## ACTION ITEM
Output the full listing exactly as written, with no pictures in it.

# # # # # # #

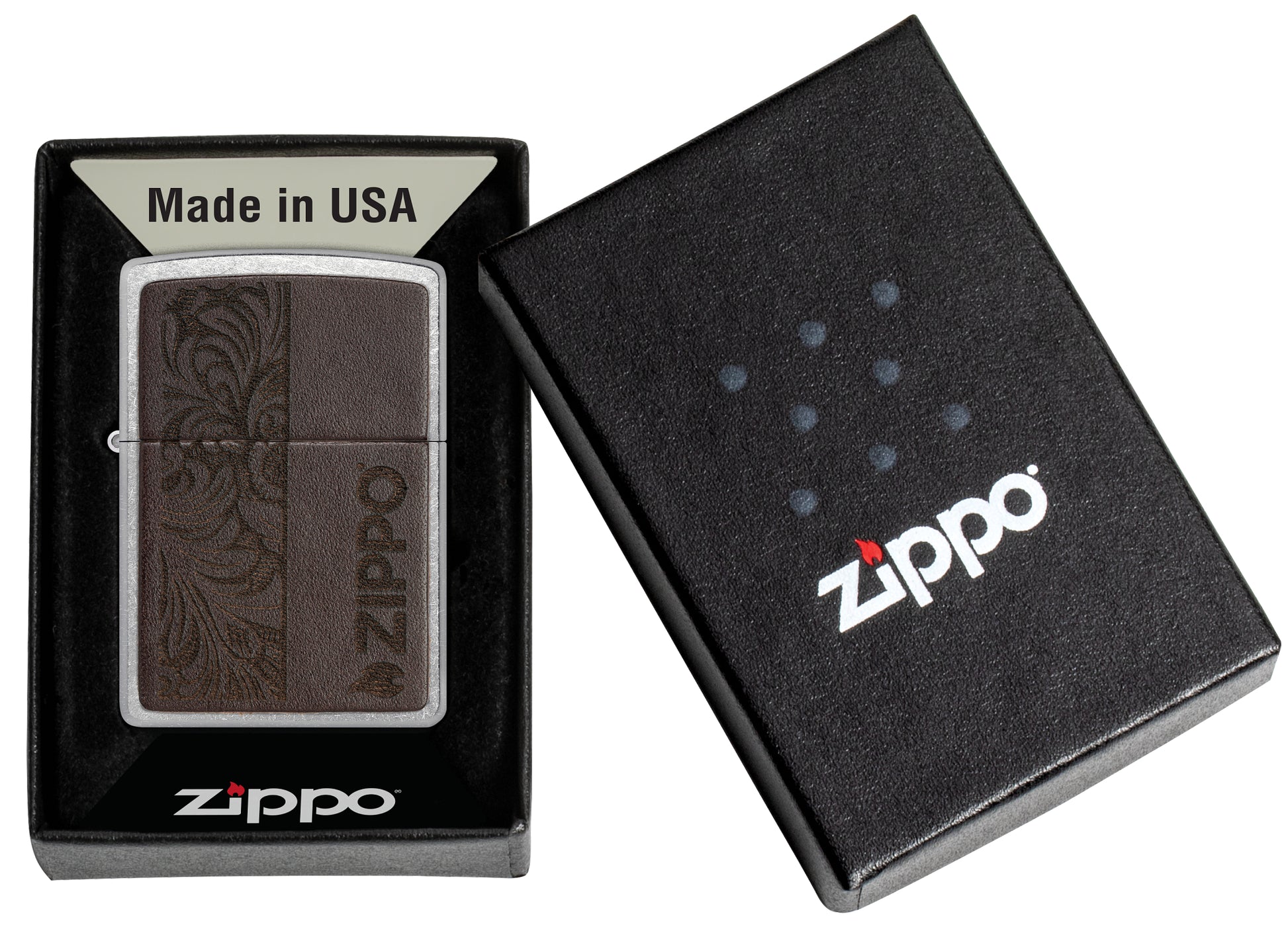 Zippo Brown Leather Emblem - Zippo Design Street Chrome Windproof Lighter in its packaging.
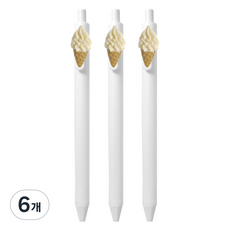 可愛零件 軟冰淇淋甜筒中性筆 0.5mm, 6個, 香草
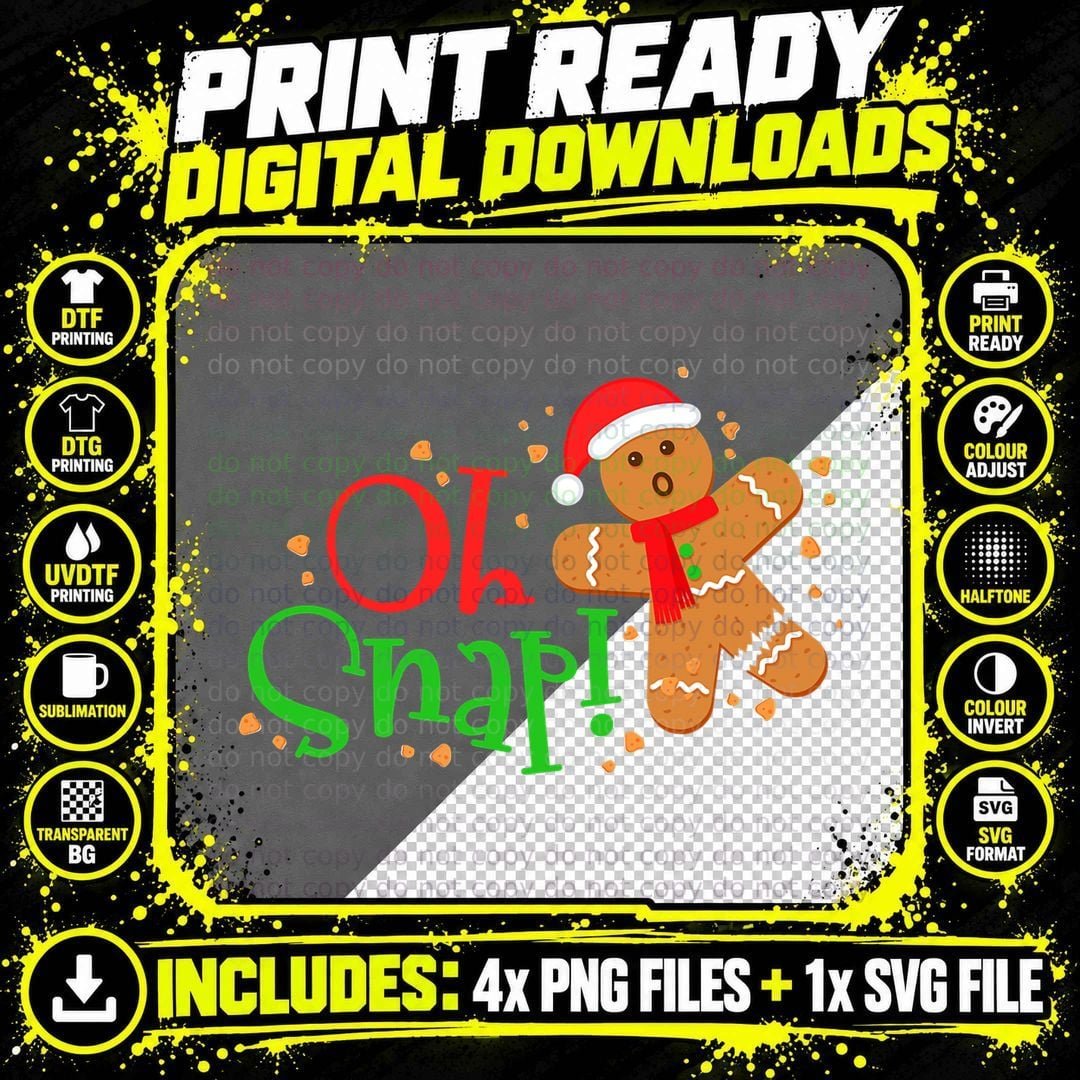 Gingerbread Christmas Oh Snap! Baking Baker Holiday Png SVG Digital Bundle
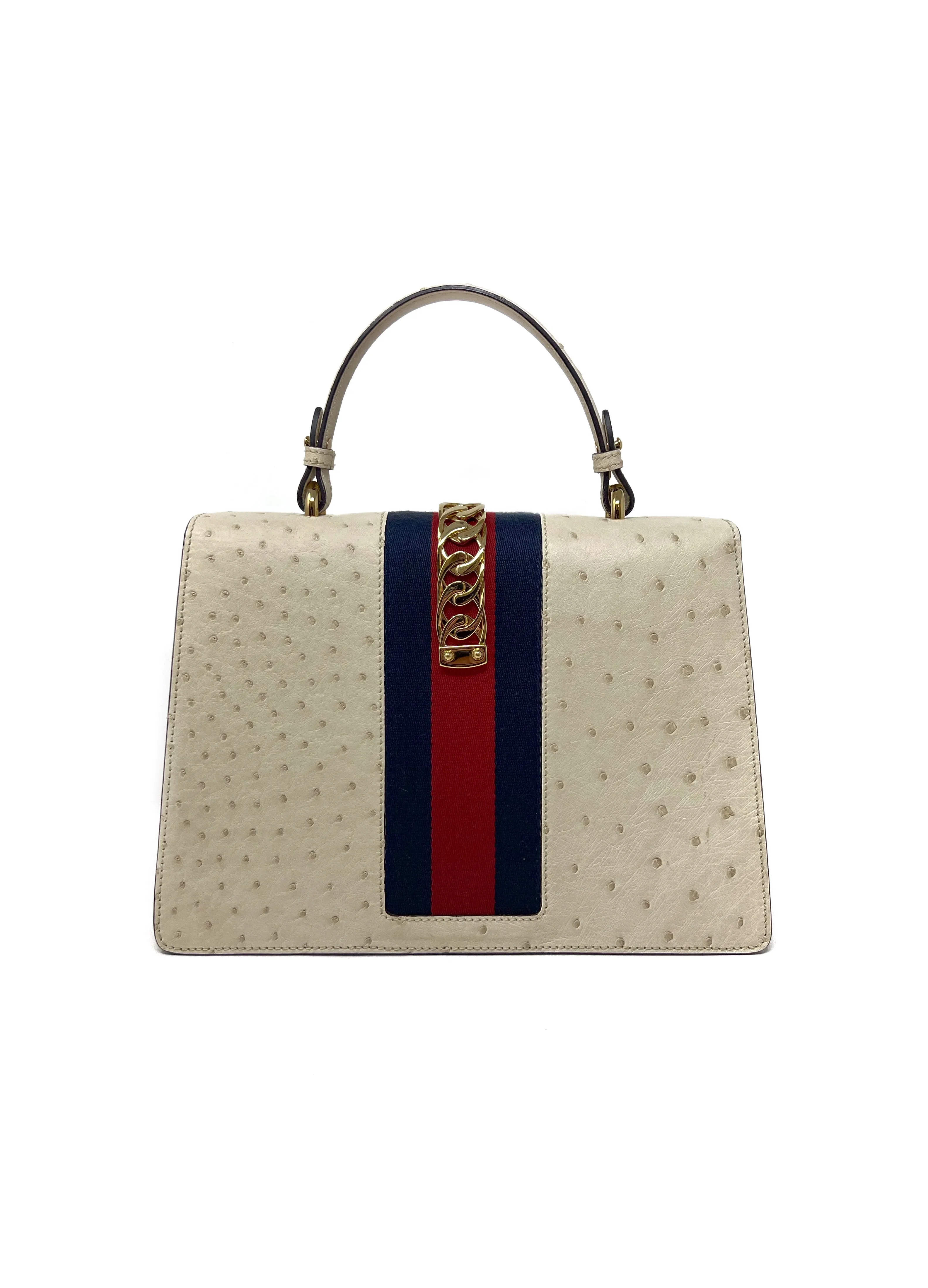 Gucci Cream WDB! 'Sylvie' Med Ostrich & Web Strip Top Handle Bag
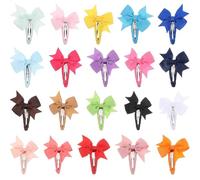 BESPORTBLE 20 Piezas Pinzas Pelo para Niñas Lazo Pelo de Poliéster E Hierro, Reutilizable y Firme, para Niñas y Adolescentes, Uso Diario y Actuaciones Color Aleatorio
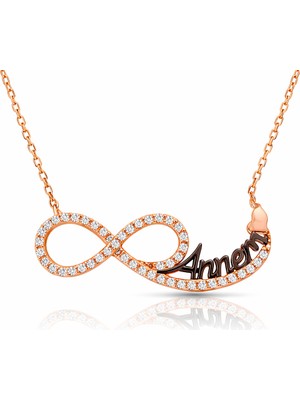 Inure Jewelry Gümüş Annem Yazılı Sonsuzluk Bayan Kolye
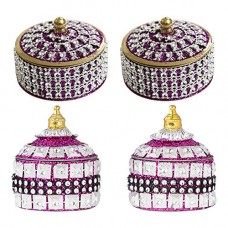 Angelic Brass Jewellery with Sindoor Box (7 cm x 7 cm x 5 cm, Purple) Angelic Brass Jewellery with Sindoor Box (7 cm x 7 cm x 5 cm, Purple)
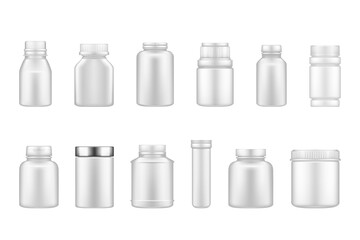 Set of plastic jar mockups isolated on white background. Packaging design. Blank food, fitness, householding or dietary nutrition, healthcare bottle template. 3d realistic vector illustration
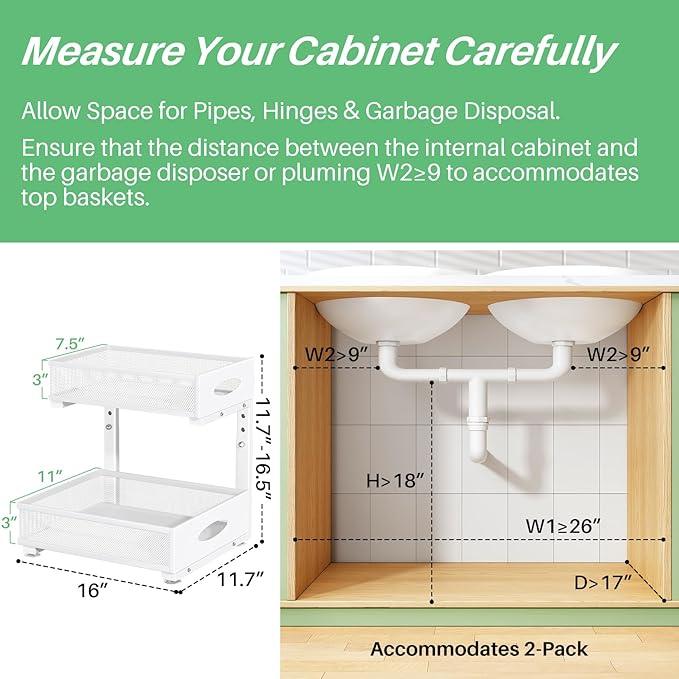 Under Sink Organizer, 2-Pack Pull Out Cabinet Organizer 2 Tier Metal Slide Out Storage Shelf Rack, L-Shaped Adjustable Height,Mesh Sliding Drawer for Kitchen, Bathroom, Laundry, Pantry, White, XL - NeatNest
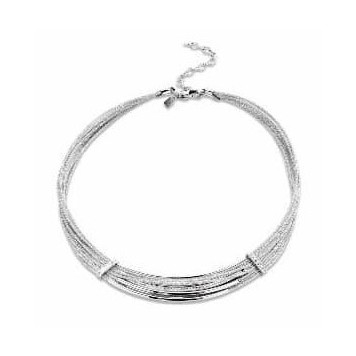 Victoria Silver-colored necklace with white stones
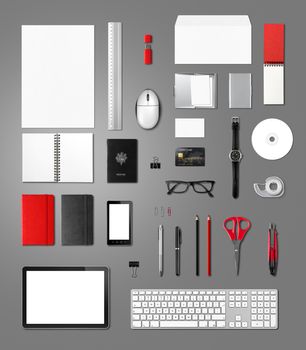 Office supplies mockup template, isolated on anthracite background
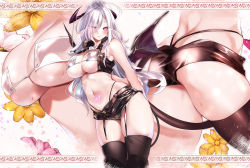 Rule 34 | 1girl, arms behind back, ass, bare shoulders, black thighhighs, breasts, covered erect nipples, crop top, demon girl, demon horns, demon tail, demon wings, from behind, garter straps, highres, horns, kumatora tatsumi, large breasts, looking at viewer, multiple views, navel, original, panty straps, pointy ears, pubic tattoo, purple eyes, short shorts, shorts, skindentation, sleeveless, solo, sweat, sweatdrop, tail, tattoo, thighhighs, thighs, thong, underboob, white hair, wings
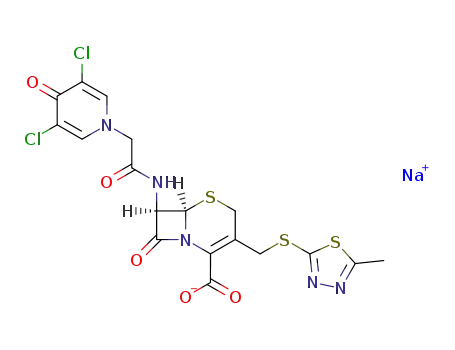 (6R,7R)-3-[[(5-methyl-1,3,4-thiadiazolyl-2-yl)thio]methyl]-7-[2-(3,5-dichloro-4-pyridone-1-acetylamido)]-8-oxo-5-thia-1-azabicyclo[4.2.0]oct-2-ene-2-carboxylic acid sodium salt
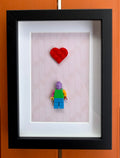 FRAMED MULTICOLOUR BRICK FIGURE WITH HEART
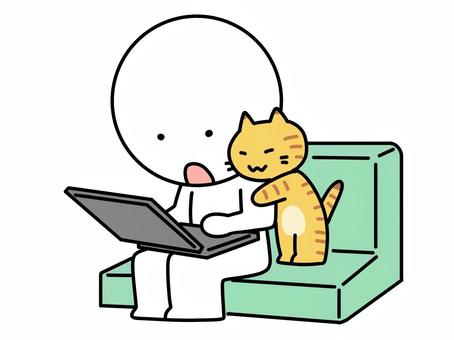 猫と一緒にノートパソコンを見る棒人間 ノートパソコン,棒人間,ネコ,見る,覗く,猫,ソファ,椅子,モバイル,操作のイラスト素材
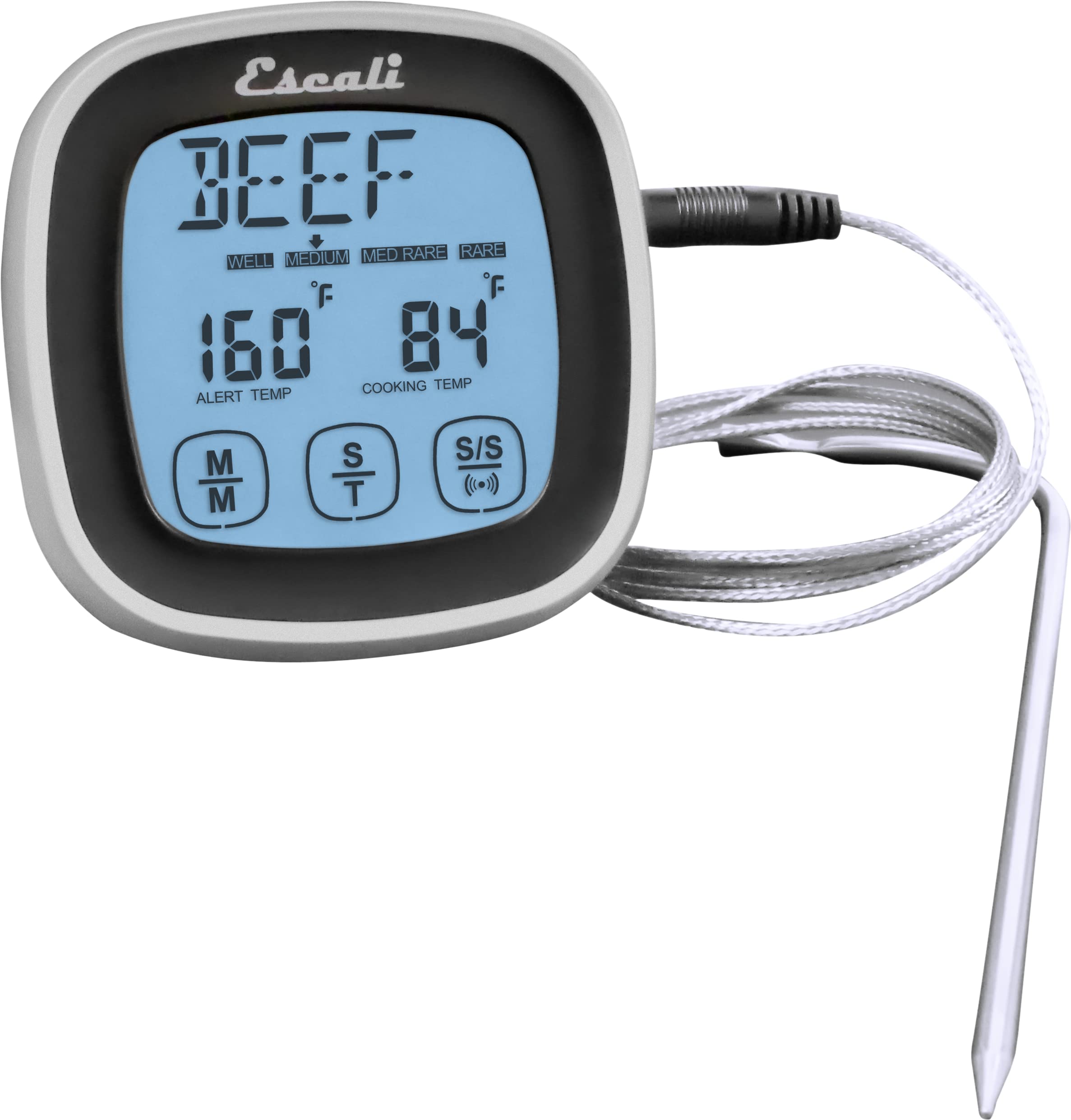 San Jamar Escali Digital Touch Screen Thermometer & Timer - Black | Accurate Cooking & Baking Tool for Kitchen, BBQ, and Food Safety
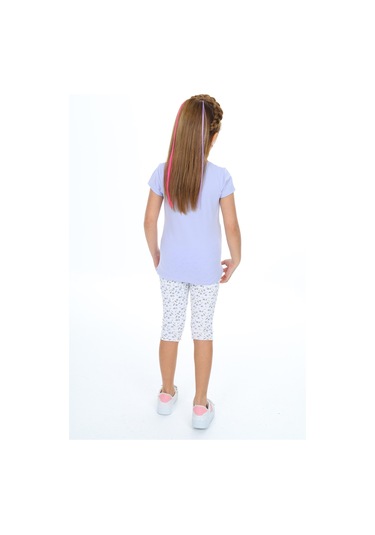 Toontoy Kız Çocuk Nakışlı Kaprili Takım Mavi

# # # # # # #

## RESULT FOR THIS TASK
 Zippo Brown Leather Emblem - Zippo Design Street Chrome Windproof Lighter in its packaging.
 可愛零件 軟冰淇淋甜筒中性筆 0.5mm, 6個, 香草
 Gingerbread Christmas Oh Snap! Baking Baker Holiday Png SVG Digital Bundle
 Gucci Cream WDB! 'Sylvie' Med Ostrich & Web Strip Top Handle Bag
 BESPORTBLE 20 Piezas Pinzas Pelo para Niñas Lazo Pelo de Poliéster E Hierro, Reutilizable y Firme, para Niñas y Adolescentes, Uso Diario y Actuaciones Color Aleatorio
 Inure Jewelry Gümüş Annem Yazılı Sonsuzluk Bayan Kolye
 Angelic Brass Jewellery with Sindoor Box (7 cm x 7 cm x 5 cm, Purple) Angelic Brass Jewellery with Sindoor Box (7 cm x 7 cm x 5 cm, Purple)
 Set of plastic jar mockups isolated on white background. Packaging design. Blank food, fitness, householding or dietary nutrition, healthcare bottle template. 3d realistic vector illustration
 Under Sink Organizer, 2-Pack Pull Out Cabinet Organizer 2 Tier Metal Slide Out Storage Shelf Rack, L-Shaped Adjustable Height,Mesh Sliding Drawer for Kitchen, Bathroom, Laundry, Pantry, White, XL - NeatNest
 Victoria Silver-colored necklace with white stones
 Office supplies mockup template, isolated on anthracite background
 Rule 34 | 1girl, arms behind back, ass, bare shoulders, black thighhighs, breasts, covered erect nipples, crop top, demon girl, demon horns, demon tail, demon wings, from behind, garter straps, highres, horns, kumatora tatsumi, large breasts, looking at viewer, multiple views, navel, original, panty straps, pointy ears, pubic tattoo, purple eyes, short shorts, shorts, skindentation, sleeveless, solo, sweat, sweatdrop, tail, tattoo, thighhighs, thighs, thong, underboob, white hair, wings
 (6R,7R)-3-[[(5-methyl-1,3,4-thiadiazolyl-2-yl)thio]methyl]-7-[2-(3,5-dichloro-4-pyridone-1-acetylamido)]-8-oxo-5-thia-1-azabicyclo[4.2.0]oct-2-ene-2-carboxylic acid sodium salt
 FRAMED MULTICOLOUR BRICK FIGURE WITH HEART
 猫と一緒にノートパソコンを見る棒人間 ノートパソコン,棒人間,ネコ,見る,覗く,猫,ソファ,椅子,モバイル,操作のイラスト素材
 San Jamar Escali Digital Touch Screen Thermometer & Timer - Black | Accurate Cooking & Baking Tool for Kitchen, BBQ, and Food Safety
 Toontoy Kız Çocuk Nakışlı Kaprili Takım Mavi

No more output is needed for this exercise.